Estou enganado, ou Bolsonaro quer levar uma parcela considerável dos brasileiros a acreditar que a vacina é um desperdício de recursos, que poderiam, então, ser mais bem aproveitados em outra área? É uma variante de sua opinião homicida de que o distanciamento social era desnecessário porque prejudicaria a economia.
QUESTÃO JUDICIAL
O presidente também decidiu peitar de saída o Supremo antes que este tome uma decisão sobre a obrigatoriedade da vacina ou de o governo oferecer a dita-cuja para todo mundo. Disse:
"Temos uma jornada pela frente, onde (sic) parece que foi judicializada essa 'cuestão'. E entendo que não é uma 'cuestão' de Justiça. É uma 'cuestão' de Saúde acima de tudo. Não pode um juiz decidir se você vai ou não tomar a vacina. Isso não existe".
Quem é o jurista que o instrui? André Mendonça, o terrivelmente sabujo? Quem lhe disse que uma 'cuestão' não pode ser, a um só tempo, "de Saúde e de Justiça"? Certamente o imbecil que o fez ignora os artigos 6º — cláusula pétrea da Constituição — e também o 196 e o 197. A saúde é um direito dos indivíduos e um dever do Estado.

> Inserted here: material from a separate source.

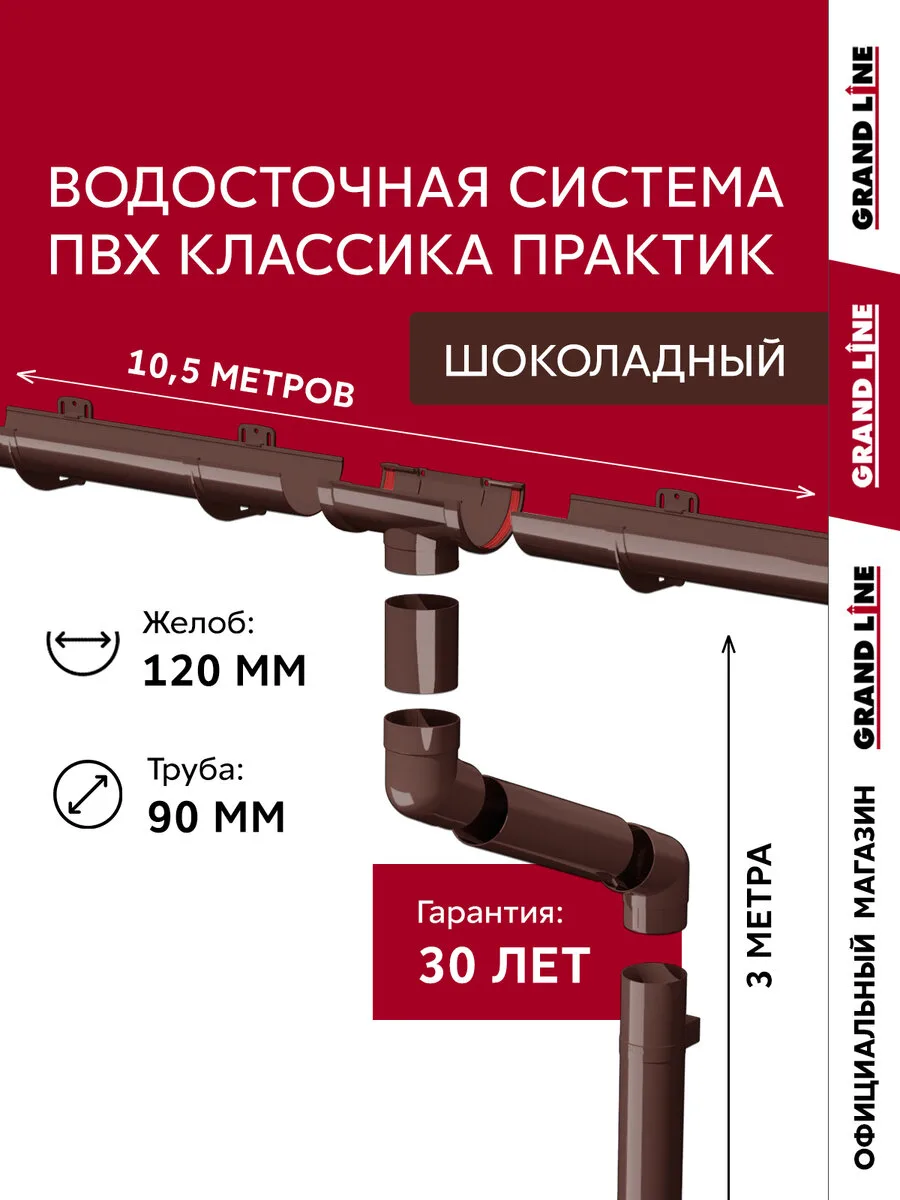 Комплект труб водосточной системы Классика 120 ПВХ Grand Line 1,5м RAL 8017 шоколад (2шт)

Foi com base nessas disposições que o próprio Bolsonaro sancionou a Lei 13.979, que dá poder ao governante, inclusive aos governadores, para tornar a vacina obrigatória em sua esfera de competência. Talvez o Congresso deva voltar ao tema para impor sanções a quem se negar a tomar vacina sem ter uma justificativa médica. Que tal vetar o acesso a benefícios sociais e a linhas especiais de crédito? Ou instituir o carimbo em passaporte, de modo que o mundo saiba que, sendo brasileiro e não havendo a chancela, não está imunizado e pode carregar o patógeno?
"Autoritário"? Ah, não! Autoritário é reivindicar o direito de se contaminar e de sair por aí como uma bomba que asperge vírus, podendo vitimar pessoas às quais, por razões de saúde, a vacina não seja recomendada. O suicídio é um direito não escrito. Resistir a uma política pública para conter ou combater uma doença contagiosa é crime, segundo o Artigo 268 do Código Penal.
Os fanáticos de Bolsonaro o querem contra a vacina. Sua popularidade aumentou na pandemia. Isso não se deu em razão de suas opiniões sobre a Covid-19, mas do auxílio emergencial. Ocorre que, caso se encoste o ouvido ao peito de um bolsominion, lá bate um coração que rejeita a ajuda, ou porque considera que isso é "socialismo" ou porque acha que só é pobre quem é preguiçoso.
A vacina não deixa de ser uma aposta que o indivíduo faz no coletivo, expressão de um gesto de amor por si mesmo, mas também pelo outro. E esses caras só entendem o exercício da liberdade como expressão do ódio. Por isso, diga-se, chamam sua obsessão pelo politicamente incorreto de "liberdade de expressão", e o suposto direito de contaminar os outros de "liberdade".